--- Try it ---
Some lines in the listing below may include the string "Фото". How many are there? Give only the number.

(Exercise inputs begins)

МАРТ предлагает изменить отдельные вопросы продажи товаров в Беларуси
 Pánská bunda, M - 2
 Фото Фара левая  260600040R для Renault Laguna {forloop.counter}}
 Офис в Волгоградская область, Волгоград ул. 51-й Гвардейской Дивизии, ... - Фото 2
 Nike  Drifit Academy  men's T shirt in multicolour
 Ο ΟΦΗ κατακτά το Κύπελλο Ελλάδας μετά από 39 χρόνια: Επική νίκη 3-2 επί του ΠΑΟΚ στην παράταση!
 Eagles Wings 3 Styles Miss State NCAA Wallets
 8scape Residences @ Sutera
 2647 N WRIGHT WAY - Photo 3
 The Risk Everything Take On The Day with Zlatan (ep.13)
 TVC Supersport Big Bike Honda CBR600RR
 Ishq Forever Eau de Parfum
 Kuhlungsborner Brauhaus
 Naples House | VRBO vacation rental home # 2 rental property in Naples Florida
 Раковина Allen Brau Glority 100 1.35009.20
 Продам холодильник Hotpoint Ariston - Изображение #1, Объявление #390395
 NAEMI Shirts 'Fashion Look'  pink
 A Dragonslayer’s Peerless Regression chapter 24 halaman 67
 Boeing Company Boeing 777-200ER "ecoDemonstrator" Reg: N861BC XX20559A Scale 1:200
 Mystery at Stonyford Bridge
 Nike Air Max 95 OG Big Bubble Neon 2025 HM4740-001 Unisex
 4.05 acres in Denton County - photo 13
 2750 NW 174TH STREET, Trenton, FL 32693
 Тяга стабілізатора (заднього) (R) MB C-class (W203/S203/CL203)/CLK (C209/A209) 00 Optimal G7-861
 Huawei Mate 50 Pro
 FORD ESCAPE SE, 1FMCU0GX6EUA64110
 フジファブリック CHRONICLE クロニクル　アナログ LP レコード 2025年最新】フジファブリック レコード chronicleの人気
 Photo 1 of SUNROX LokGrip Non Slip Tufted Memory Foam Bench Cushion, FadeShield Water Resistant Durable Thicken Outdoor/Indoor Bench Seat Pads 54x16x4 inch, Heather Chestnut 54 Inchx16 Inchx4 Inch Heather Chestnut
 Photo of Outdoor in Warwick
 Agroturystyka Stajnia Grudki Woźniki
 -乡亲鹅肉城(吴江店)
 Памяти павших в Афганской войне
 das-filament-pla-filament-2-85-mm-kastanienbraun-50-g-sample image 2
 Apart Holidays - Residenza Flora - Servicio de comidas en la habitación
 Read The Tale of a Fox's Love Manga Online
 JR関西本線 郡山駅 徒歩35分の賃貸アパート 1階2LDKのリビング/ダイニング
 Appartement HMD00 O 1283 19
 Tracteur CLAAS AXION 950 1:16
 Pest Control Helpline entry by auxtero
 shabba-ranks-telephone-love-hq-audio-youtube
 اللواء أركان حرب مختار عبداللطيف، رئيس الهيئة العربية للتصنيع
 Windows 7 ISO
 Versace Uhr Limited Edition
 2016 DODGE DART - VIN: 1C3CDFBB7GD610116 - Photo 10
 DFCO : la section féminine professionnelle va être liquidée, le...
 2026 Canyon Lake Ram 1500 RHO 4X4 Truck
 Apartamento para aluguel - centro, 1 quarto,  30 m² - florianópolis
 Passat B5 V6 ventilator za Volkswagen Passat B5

(Exercise inputs ends)

--- Answer to the problem ---
2